The ruling follows on from a judgment last July (see post) in which the Supreme Court had said the point should be reconsidered, in the context of a case where home owners brought a claim in private nuisance against a nearby motor sport stadium and track, with the benefit of a pre-Jackson CFA and ATE insurance policy. The claimants were ultimately awarded an injunction limiting the level of noise from the track, and damages of approximately £20,000. The defendants were ordered to pay 60% of the claimants’ costs at first instance, and would also be liable for the appeal costs. The “base costs” at first instance were approximately £185,000, but the effect of the CFA success fee and ATE premium was that the defendant could be liable for a further £312,000 (ignoring the costs of the appeals).
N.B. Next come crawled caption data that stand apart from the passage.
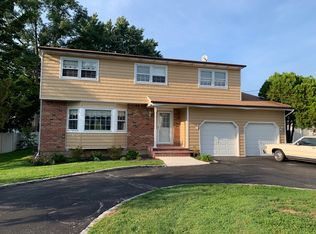 8 Christopher Ct, Deer Park, NY 11729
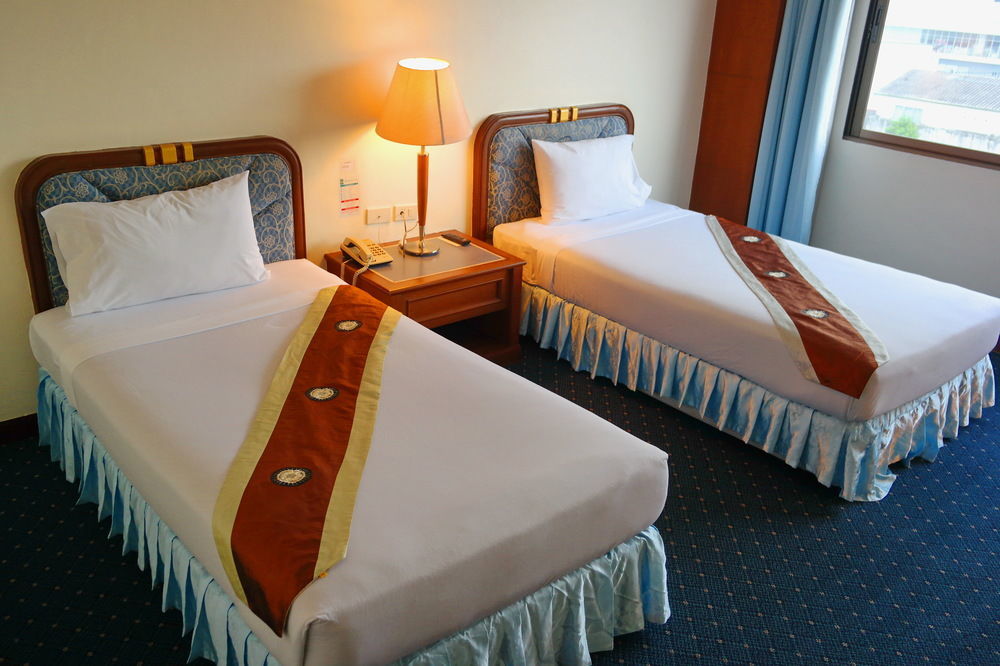 Grand Park Hotel Nakhon Si Thammarat Exterior foto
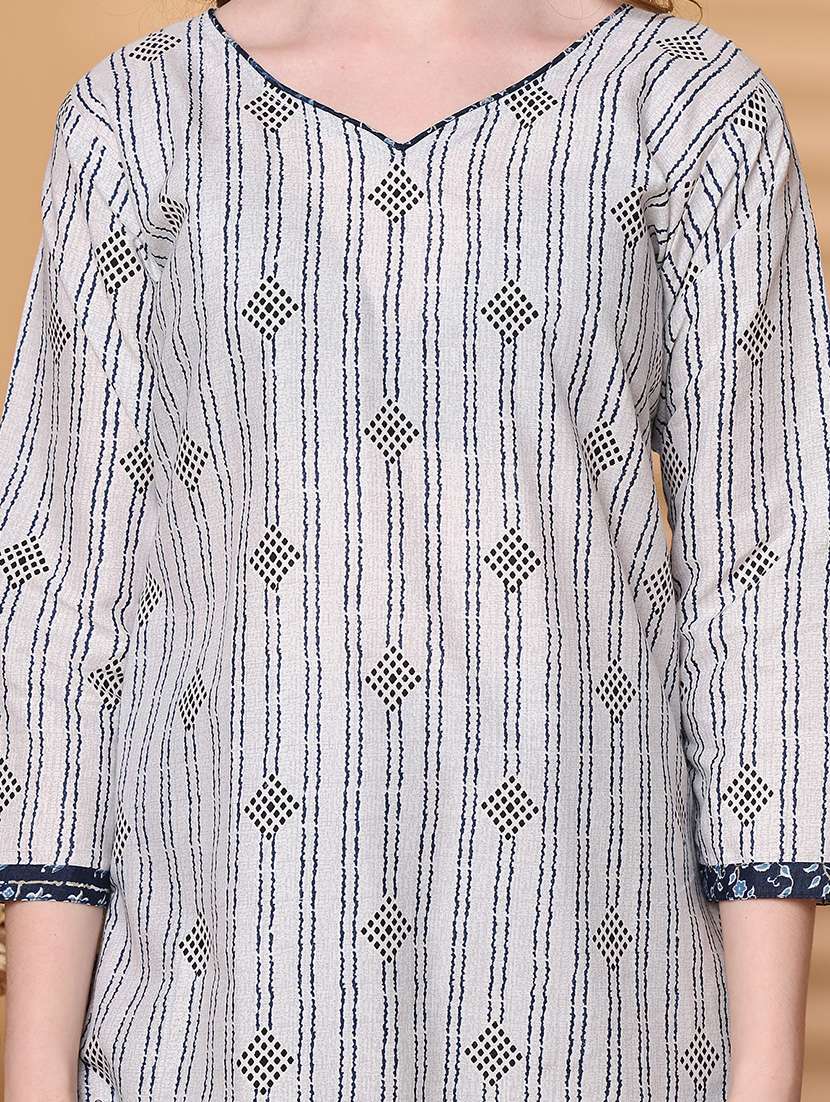 women printed three quarter sleeve kurta salwar with dupatta set - 21963381 -  Standard Image - 4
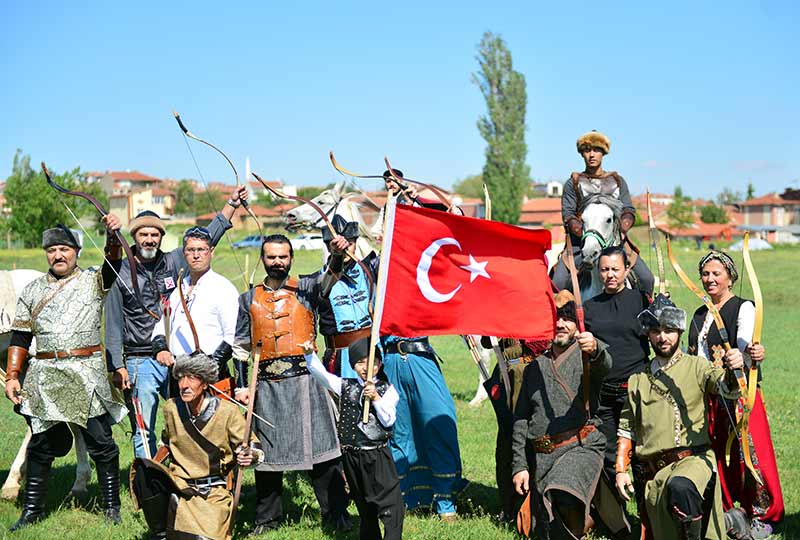 Eskişehir'de 2 yıl önce bir araya gelen okçuluk gönüllülerince oluşturulan Sultan Okçuluk Ata Sporları Derneği, kurduğu çiftlikte atlı okçular yetiştiriyor.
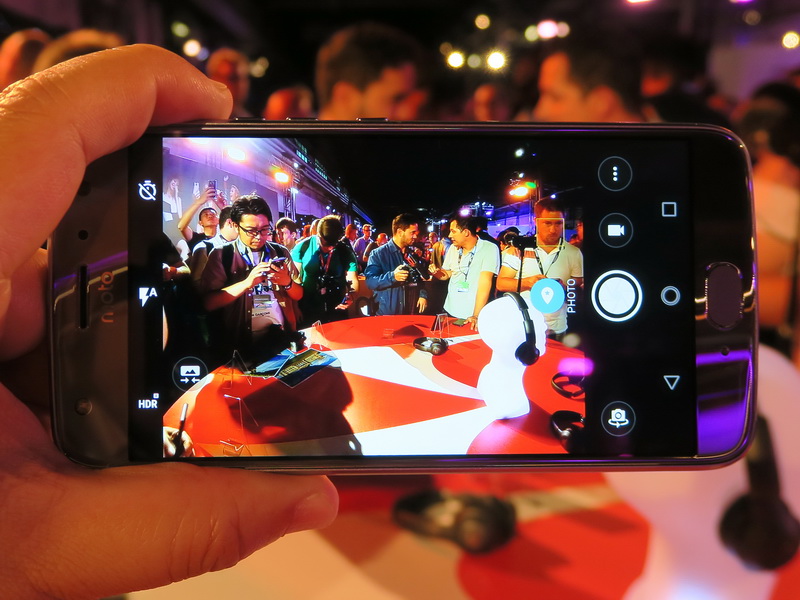 ワイドに切り替えると、画角が一気に拡がり、全体的な写真を撮ることができる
The defendants argued that if they were liable for these additional sums, it would infringe their Article 6 rights.

The majority of the Supreme Court rejected that argument. It considered the decision of the European Court of Human Rights in MGN v UK (2011) 53 EHRR 5 (see post) which held that the requirement for MGN to pay CFA success fees due to Naomi Campbell’s lawyers was incompatible with MGN’s rights under Article 10 of the Convention (freedom of expression). However, the Supreme Court said, the right to freedom of expression is always given particular weight by the ECtHR, and there was no basis for concluding that the court would have held that the scheme violated MGN’s article 6 rights in that case. Accordingly, the ECtHR’s decision did not require the Supreme Court to hold that the pre-Jackson regime was incompatible with article 6 rights.

The Supreme Court accepted that the regime had flaws, as recognised in the MGN case, including a potential “blackmail” or “chilling” effect in that it imposed a costs burden on opposing parties which was excessive and in some cases may have interfered with a defendant’s right of access to justice. However, it concluded that the scheme, overall, was a proportionate way of achieving the legitimate aim of providing access to justice following the withdrawal of legal aid for most civil cases.

This judgment had been awaited with keen interest. A contrary decision could have had a dramatic impact, despite the abolition of recoverability from 1 April 2013 as a result of the Jackson reforms. The pre-Jackson regime still applies to CFAs and ATE policies entered into before that date, as well as certain types of claim which are excluded from the reforms, such as claims brought by insolvent companies. The decision will therefore come as a relief to many who have brought claims under the old regime.